When the strain gages, the signal lines and the electronics have been installed, the measuring wheelset needs to be calibrated. For this purpose, the complete wheelset is built into a specially developed test stand (Fig. 2). The cable entry holes from the areas of SG installation to the amplifier constitute a relevant stability influence of the measuring wheelset. The required effort to consistently ensure crack-free parts through ultrasonic tests is thus relatively high.
Another drawback of the test setup is that due to the place of installation the measurement electronics - with its rotating part installed in and its stationary part installed on the axle - is subject to the extremely high stress in the area of the wheelset.
DB Systemtechnik in Minden consistently works on optimizing and further developing the method to eliminate the above-described drawbacks of the measuring wheelsets. One approach that is currently being followed is to use optical strain gages like K-OL from HBM (Fig. 3).

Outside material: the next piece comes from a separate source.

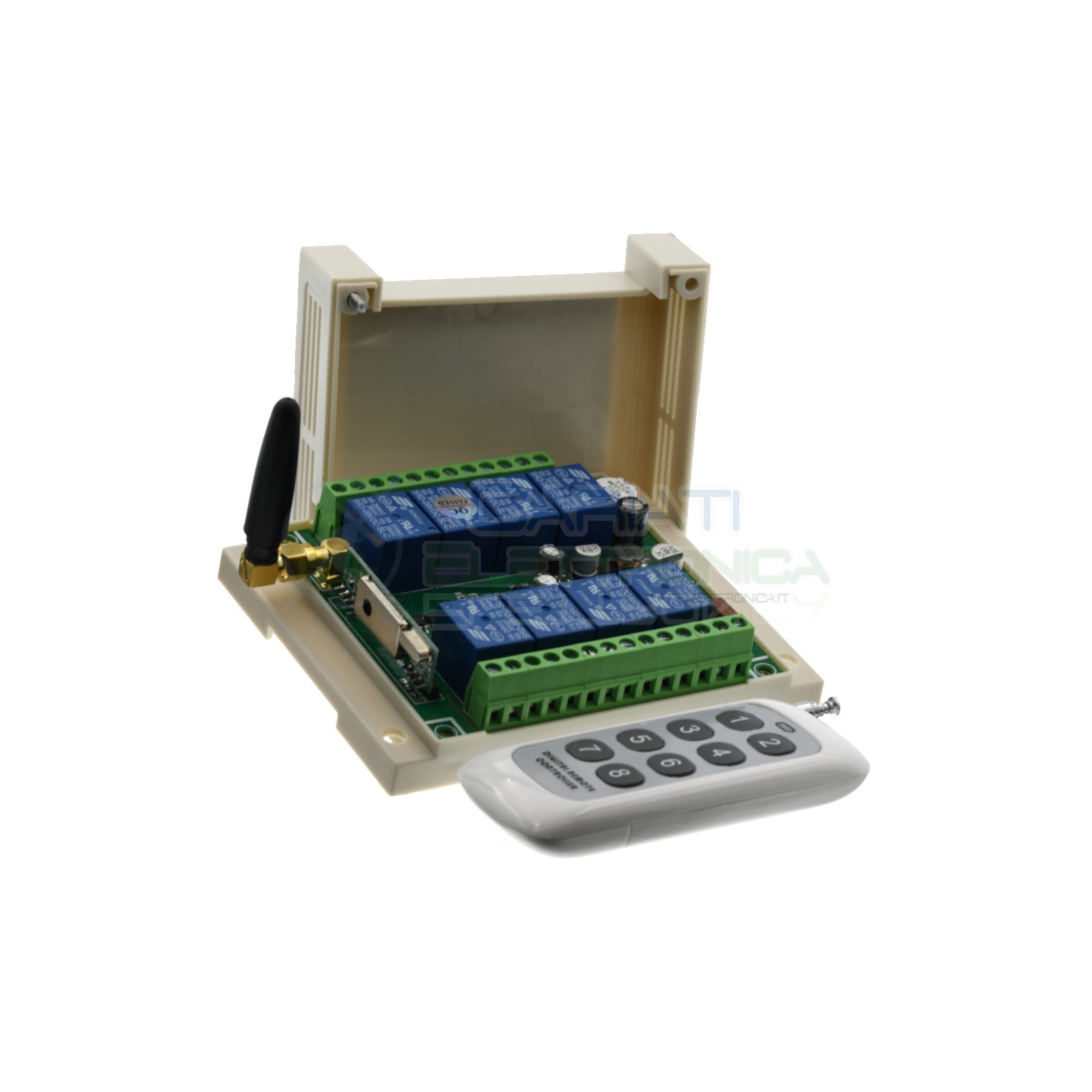 Scheda Ricevente Ricevitore 12V 24V 433 Mhz 8 Relè Canali con Telecomando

Reduced installation effort
A major benefit when using optical strain gages is the significantly reduced installation effort. "Using optical strain gages would enable us to shorten installation times from four to five weeks at present to few days," explains Andreas Brodtka, head of production of measuring wheelsets at DB Systemtechnik. The reduced installation effort and less maintenance during the test runs would, of course, result in reduced costs. As the complex compensation for interference would not be needed anymore, 20 strain gages per wheel would be sufficient. "The fact that up to 20 optical strain gages are installed in a single fiber is of special importance", states the test engineer.
Installation of the signal lines without drilling
In addition, the thin glass fiber could be led to the exterior without any hole having to be drilled in the axle. A solution enabling laying of the optical fiber without any hole is currently being developed. In the area of transition from the rotating to the stationary part on the wheelset that will still be necessary, the signals transmitted by the optical fiber could be sent via a so-called optical slip-ring assembly. The interrogator evaluating the signals of the optical strain gages could then be located well-protected inside the vehicle and receive signals via optical fibers. The interference-prone electronics in the axle would no longer be needed.
At present, optical strain gages are being used at DB Systemtechnik in Minden only within the scope of a research project, but the test results show the potential of the optical strain gages.